Leere Stadien in der Ukraine und in Peru

Mehrere Fußballspieler in weißen Trikots während eines Trainings.
Die FIFA sperrt die Zuschauer aus. Ein Held von Tahiti wurde als Dopingsünder entlarvt.

Der Weltverband FIFA hatte am Freitag einiges zu tun. In der Fußballwelt musste wieder einmal nach dem Rechten geschaut werden. Und nachdem dem nicht immer so ist, mussten einige Übeltäter bestraft werden.

Etwa die Nationalmannschaft der Ukraine. Diese muss ihr letztes Heimspiel in der WM-Qualifikation ohne Fans bestreiten. Der EM-Gastgeber 2012 wurde am Freitag zu einem Geisterspiel am 11. Oktober gegen Polen in Charkiw verurteilt.

Grund für die Strafe sind rassistische Äußerungen und das Zeigen von Nazi-Symbolen durch Zuschauer in der Partie gegen San Marino am 6. September in Lwiw.

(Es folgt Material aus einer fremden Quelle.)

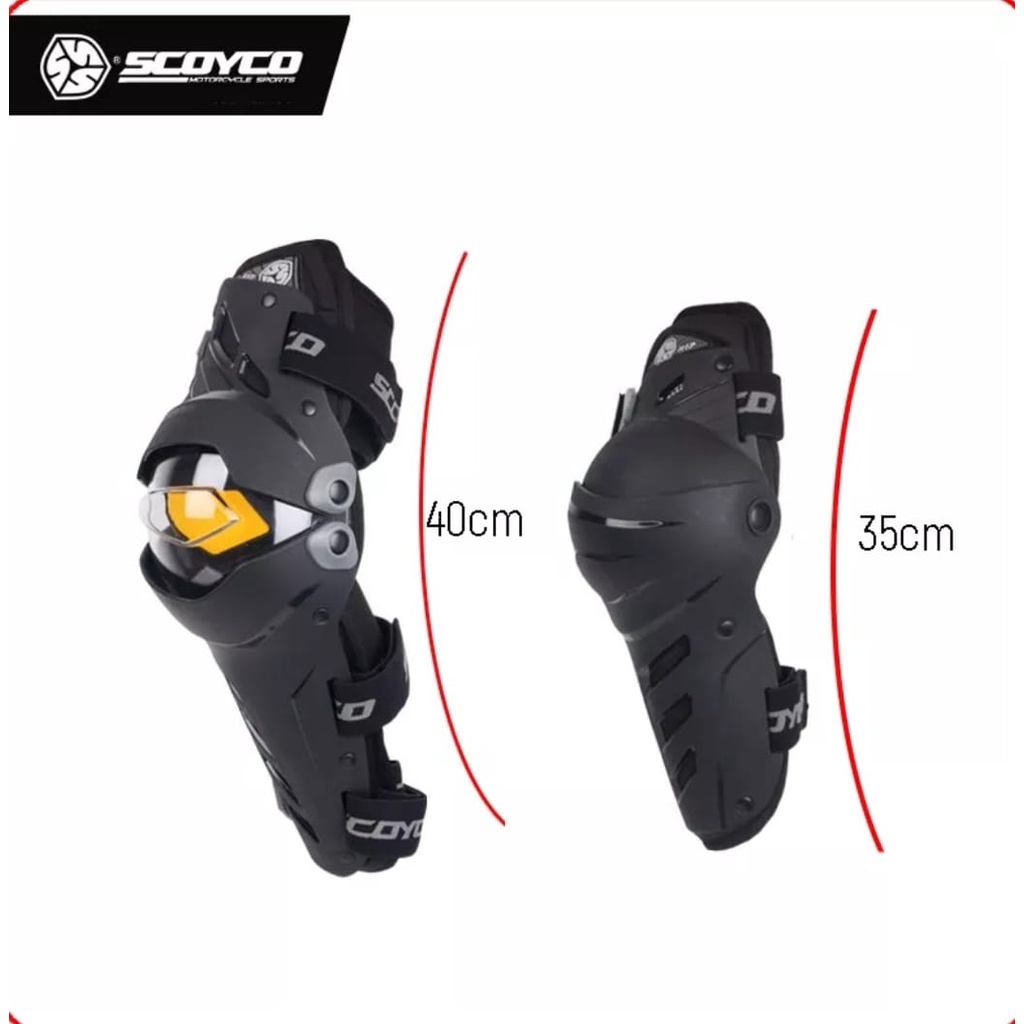 Scoyco knee Elbow pad Protector K17 H17 pelindung lutut &amp; siku rompi motor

Wegen der Schwere der Verstöße darf die Ukraine in der EM-Arena von Lwiw auch kein Qualifikationsspiel zur WM 2018 austragen. Zudem wurde eine Geldstrafe von 45.000 Schweizer Franken (etwa 36.600 Euro) verhängt. Die Ukraine liegt in der Gruppe H zwei Spiele vor Abschluss der Qualifikation einen Punkt hinter Spitzenreiter England und punktegleich mit Montenegro auf Platz zwei. Diese Platzierung ist gleichbedeutend mit der Play-off-Teilnahme. Polen, der zweite Gastgeber der EM 2012, folgt mit zwei Punkten Rückstand auf Platz vier.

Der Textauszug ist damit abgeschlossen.